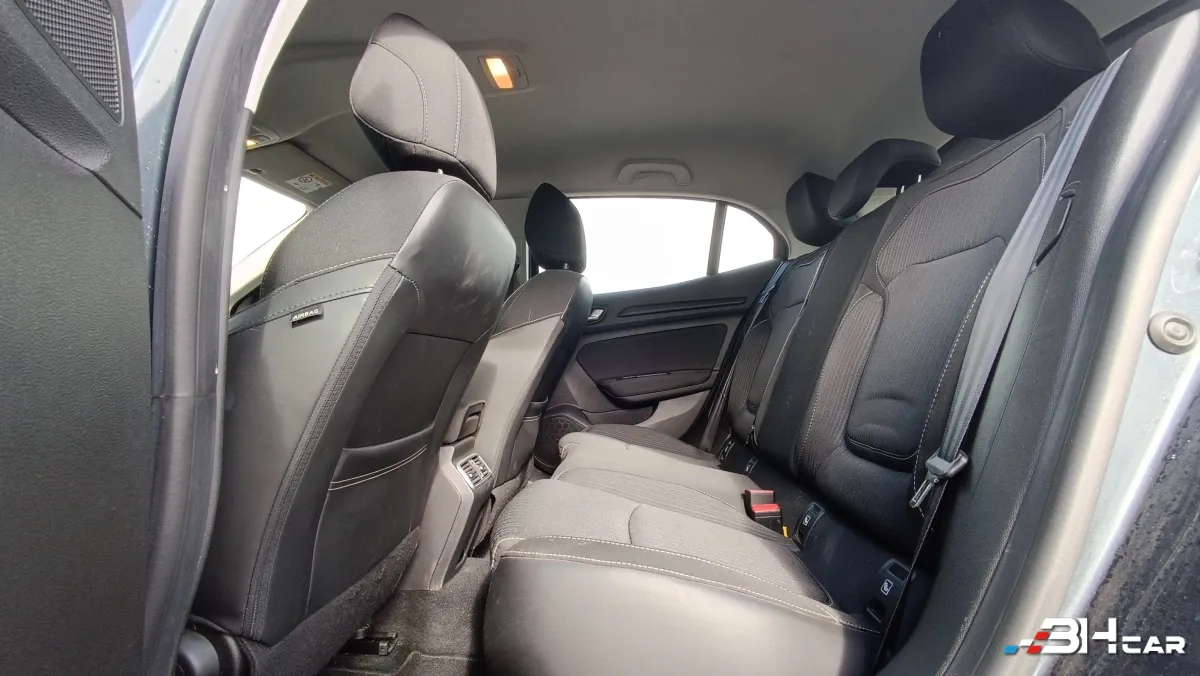 Renault Megane - photo 12
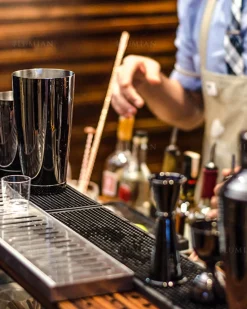 Tin-in-Tin Cocktail Shaker - Kenko | Schwarz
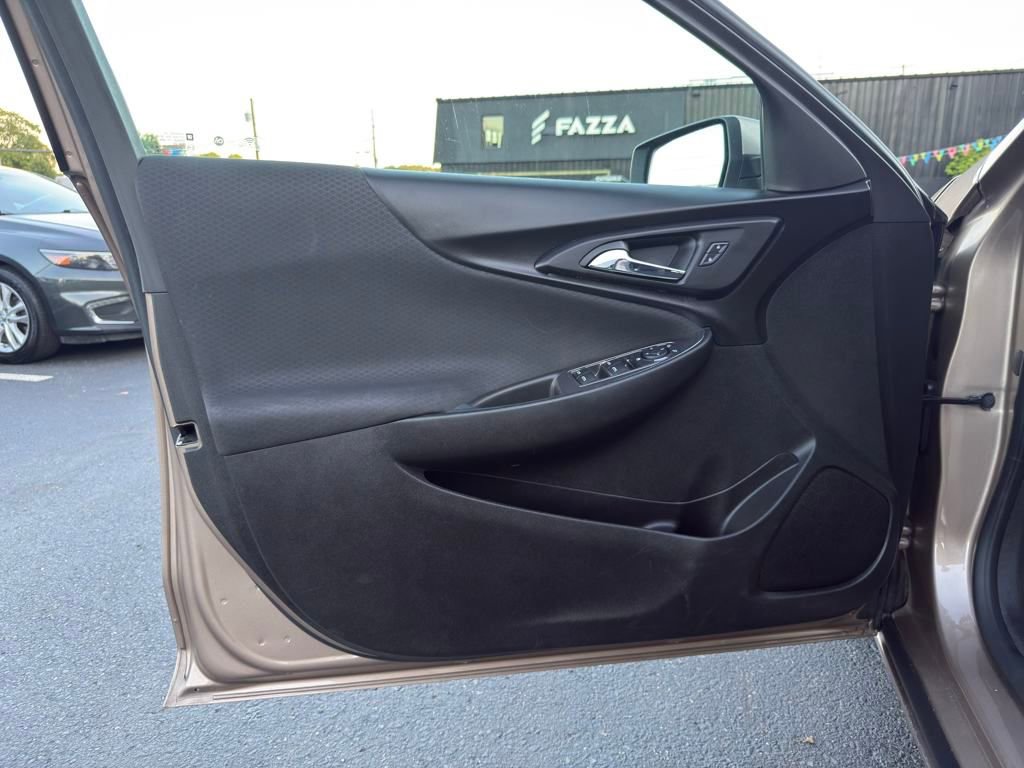Used 2018 Chevrolet Malibu LT image 20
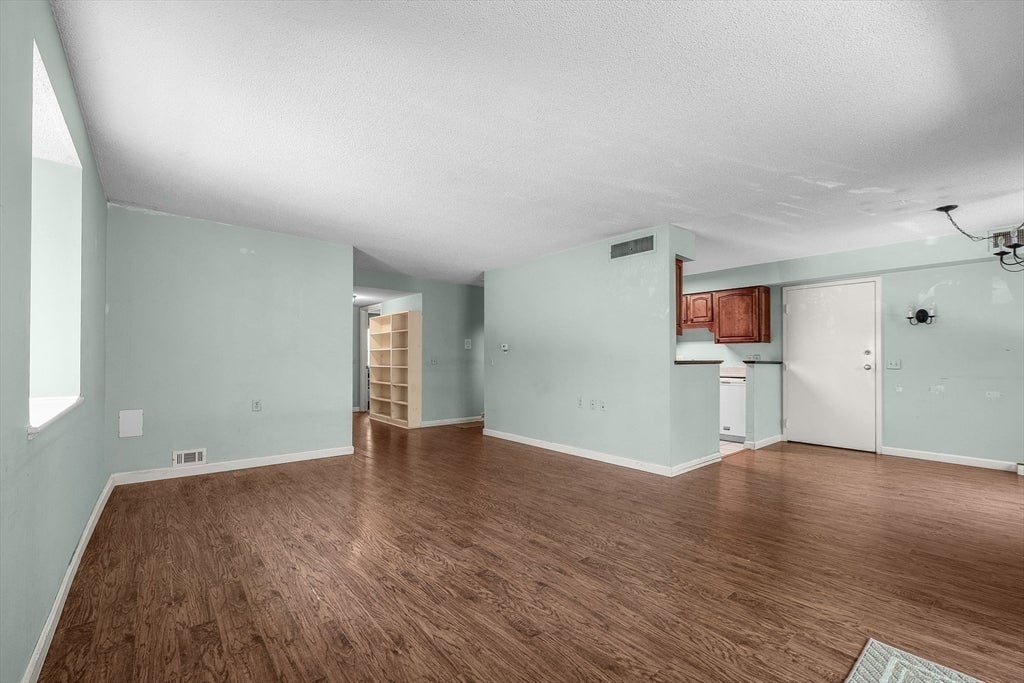 18 Beals Cove Rd H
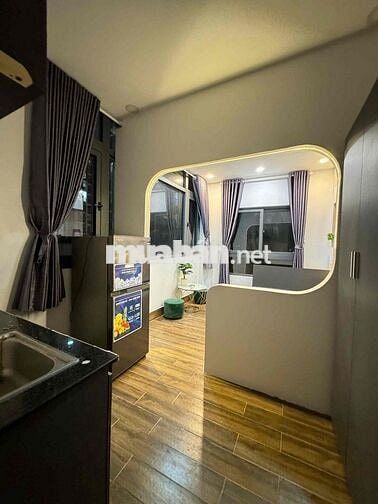 Phòng Penhouse - cửa sổ lớn view chung cư Hà Đô - tách bếp full nt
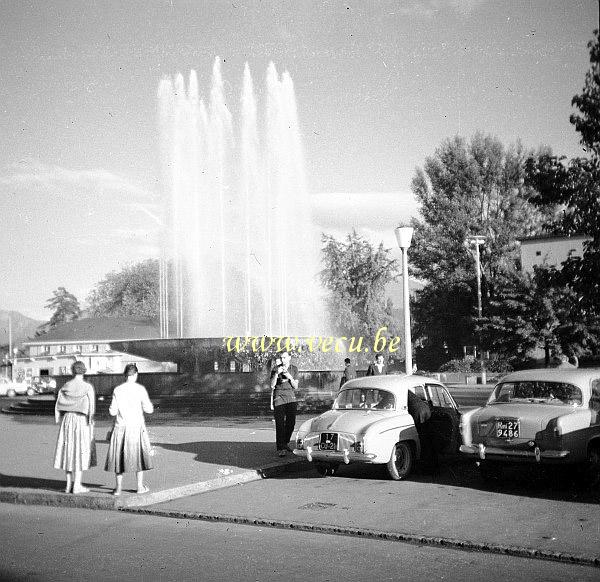 photo ancienne  de Renault  Renault Dauphine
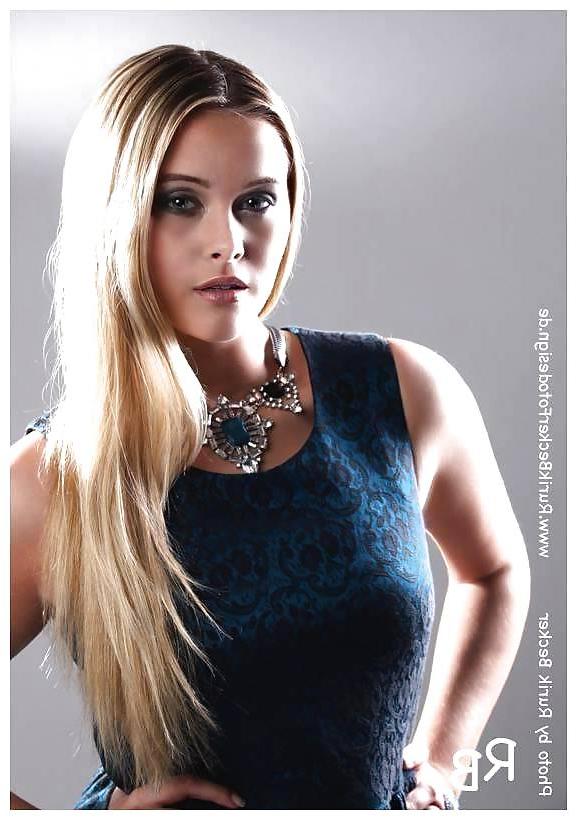 21P Fabienne Rothe - hot german singer 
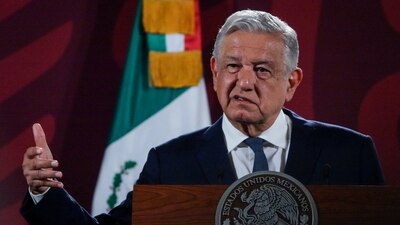 López Obrador exhortó a los legisladores a aprobar sus reformas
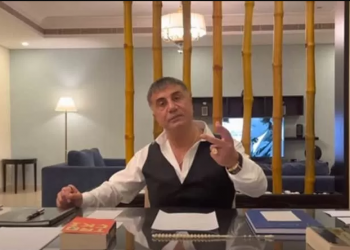 سادات بكر: الهجوم على صحيفة “حريت” كان بأمر برلماني عن حزب أردوغان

-=-=-

From the line containing "Phòng Penhouse - cửa" down to the last line of the entries above, set down every line exactly. Omit all pictures.

 Phòng Penhouse - cửa sổ lớn view chung cư Hà Đô - tách bếp full nt
 photo ancienne  de Renault  Renault Dauphine
 21P Fabienne Rothe - hot german singer 
 López Obrador exhortó a los legisladores a aprobar sus reformas
 سادات بكر: الهجوم على صحيفة “حريت” كان بأمر برلماني عن حزب أردوغان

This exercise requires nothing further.